Lets get coding!

It has been quite a year where we rewrote our user-interface (read at nlpcore.io/user-documentation), revamped our core search algorithms (read at nlpcore.io/search-engine-improvements-in-preview-release), revised our core infrastructure for scale (read at nlpcore.io/revamping-it-all), and to round it all we now invite you to preview our development platform complete with secure web service APIs and code samples all hosted on widely used cloud services.

We have built our APIs using Swagger (swagger.io) framework for RESTful web services and have hosted these services on Tyk (tyk.io) API Gateway and Management Platform – both of these are well trusted and widely used tools among developers community. Furthermore we have integrated these with our identity and authentication management services (built on freeIPA freeipa.org).

Developers Portal (developers.nlpcore.com)

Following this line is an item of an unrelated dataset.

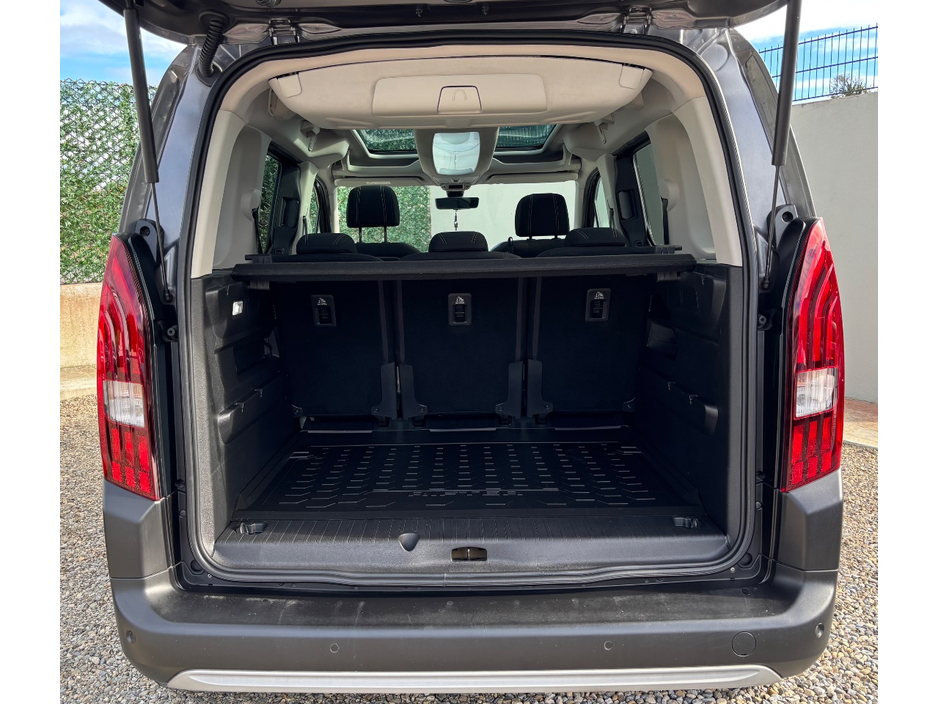 2020 Peugeot Rifter 1.5L Diesel For Sale Images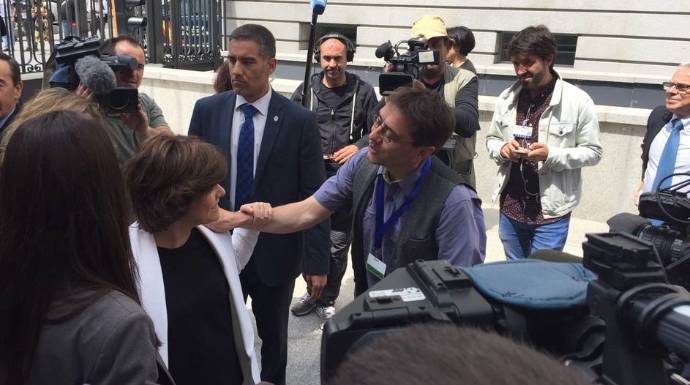 Juan Carlos Monedero y Soraya Sáenz de Santamaría, este viernes tras caer el gobierno de Rajoy.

Registration and Secure Access to Projects
To access our platform APIs, developers register at our portal using the registration page at (developers.nlpcore.com/portal/register/). Once registered, they can log-in to the portal and request an API Key at (developers.nlpcore.com/portal/apis) to get started (they only need to request the key once). They can register for any publicly available projects and / or create new projects where they can then upload their own documents or web pages for search.

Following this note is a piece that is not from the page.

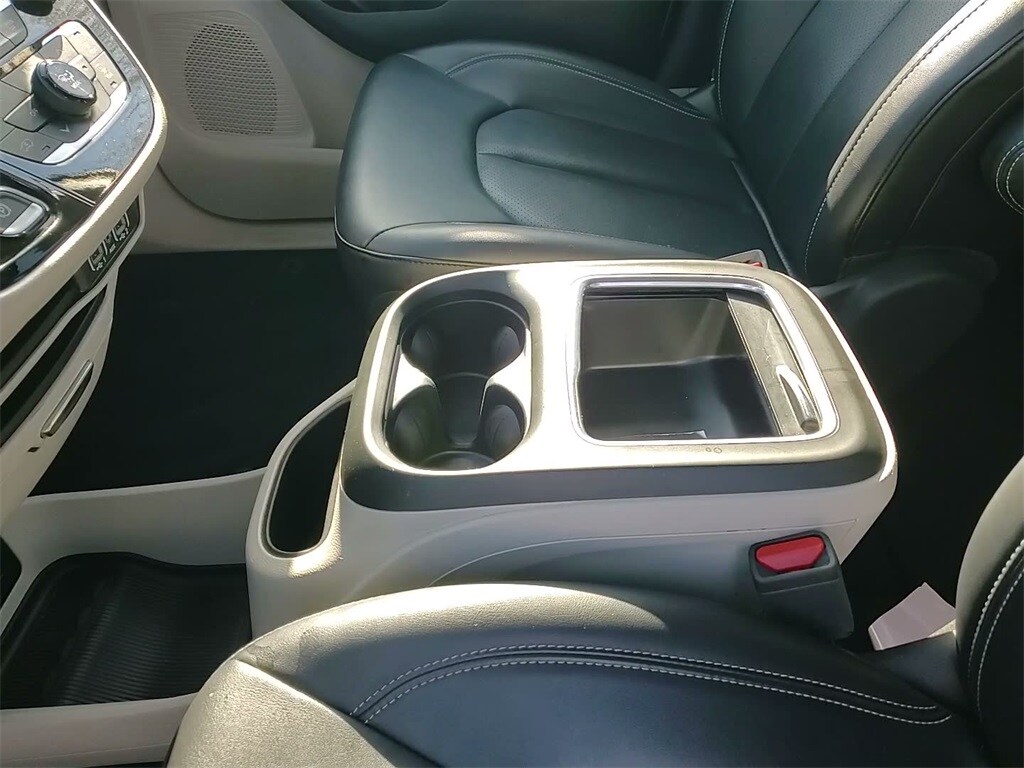 2024 CHRYSLER PACIFICA - Image 32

To facilitate this secure access both for developers, and for our web search UI, we maintain identities in our directory service over LDAP protocol. Additionally this service is capable of authenticating users identity through third-party login services such as Google+ and Facebook. Once authenticated, users get added to their selected projects and assigned policy granting them access to our APIs.

API Catalog
developers.nlpcore.com/portal/apis/59d413b82b6b6d0001c9bae3/documentation
The API catalog is maintained and documented using Swagger. We have implemented complete versioning support including multiple versions running concurrently (as an example our beta and alpha sites are on different API versions but use the same extracted data) using our new revised infrastructure (read more at nlpcore.io/revamping-it-all). This Swagger maintained site allows you to also test any of our APIs but to do so, you must click on the Authorize button on the page (on the right above the API list) and use your developer key.

Object Model
Our object model consists of following components.
Project – Projects provide a scoping boundary both for security and documents collection. Search results can span across projects but to do so, user must have access to these projects.
Document – Document is a body of text (numeric data, image, audio, video – any media type in future) – a file or a web page that is identified, stored, indexed, searched and retrieved as a whole or in part through its containing topics, entities, or references (see below).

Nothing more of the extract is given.